In an X post, Horsley compared today’s crypto market with the internet boom of the 1990s, when hundreds of companies reached $500 million to $1 billion valuations because investors believed almost every internet idea could work. By the early 2000s, that broad optimism had collapsed, leaving a smaller group of companies that had proven value through users, revenue, distribution and execution.
Horsley argued that crypto is now going through a similar transition. Projects that once traded on possibility alone are being forced to show traction, while capital is becoming more selective around networks, products and businesses with measurable demand. His core view is that “the number of winners will shrink,” but those that demonstrate value may operate longer and scale further than many traders expect.
The framing comes from one of the largest crypto asset managers in the U.S., making the dot-com comparison more than a retail-market slogan. Bitwise manages crypto funds and ETFs for investors looking for regulated exposure, so Horsley’s comments land directly inside the institutional debate over whether digital assets are still mostly speculative or now moving into a consolidation phase.
Market Is Moving From Narratives To Proof
The dot-com analogy fits the current crypto split between speculative token launches and infrastructure that is already carrying real activity. Stablecoins, tokenized assets, exchange-traded crypto products, onchain settlement, DeFi collateral, and high-fee blockchains are no longer judged only by whitepapers or roadmaps. They are increasingly measured by volume, revenue, liquidity, integrations, custody structure, and regulatory access.
That shift is visible in tokenization, where real-world asset data has become one of the clearest ways to separate adoption from marketing. Tokenized assets recently crossed $31 billion as productive collateral took center stage, while chain-level RWA inflows have started to show where institutions are actually moving value instead of only announcing pilots.
Stablecoins are another example. Circle’s recent 1 billion USDC mint on Solana showed how dollar liquidity is becoming part of crypto market plumbing for exchanges, payments, DeFi routing and institutional settlement. A large mint is not automatic buying pressure, but it does show that the market’s working-capital layer is still expanding even while token speculation remains uneven.

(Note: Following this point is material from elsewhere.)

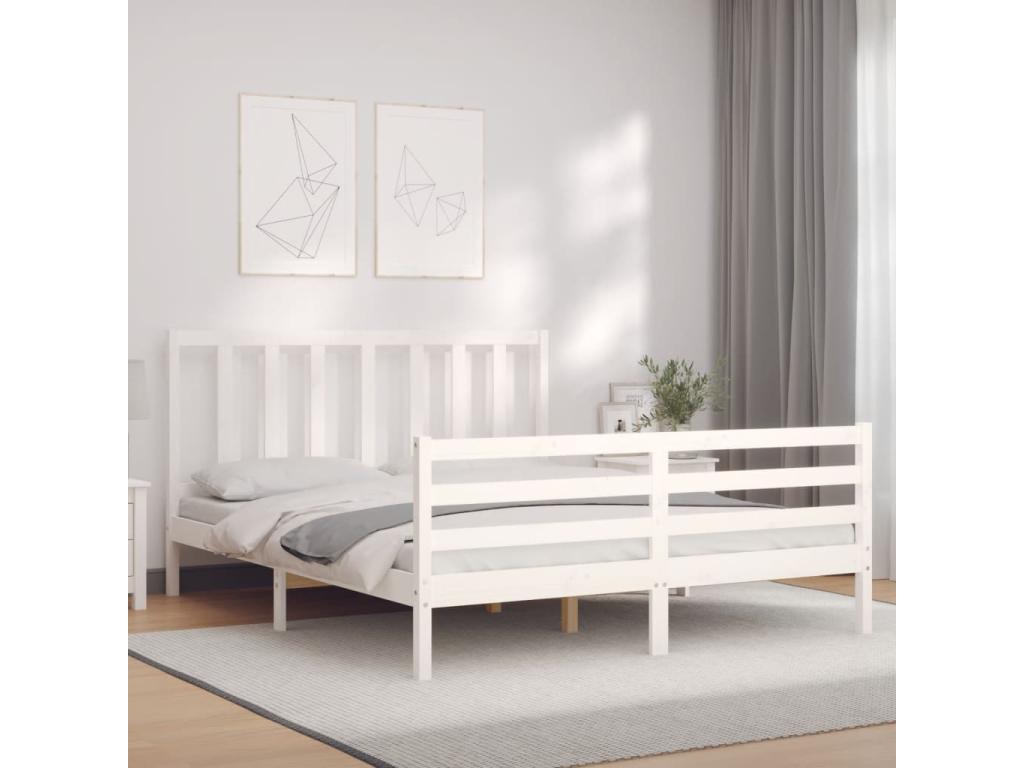 Cadre de lit avec tête de lit blanc 160x200 cm bois massif 76105POZH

Fewer Winners Could Mean Larger Outcomes
Horsley’s view does not imply that every surviving crypto asset will repeat the path of Amazon or Google. The dot-com comparison cuts both ways because the internet bubble also produced large losses, dead companies and years of investor fatigue before the strongest platforms dominated.
The crypto version of that test is likely to be harsher for projects without real users, fee demand, liquidity, compliance paths, developer activity or defensible infrastructure. A token can trade actively for years without building durable value, but the next phase of institutional allocation is less likely to reward every narrative equally.
The strongest projects may benefit from the opposite effect. If capital concentrates into fewer assets, networks with real settlement demand, deep liquidity, clear revenue, institutional wrappers or hard-to-replace infrastructure could command a larger share of crypto’s long-term value. That is the part of Horsley’s dot-com analogy that keeps the argument bullish even while it sounds selective.
The market is already moving in that direction. ETF flows have become one of the clearest institutional demand gauges, tokenized asset dashboards are tracking where real value settles, and stablecoin issuance is revealing which networks can support active financial activity. Horsley’s comparison puts that shift into a simple frame: crypto may still have too many projects, but the survivors could define a much larger market than the last cycle priced in.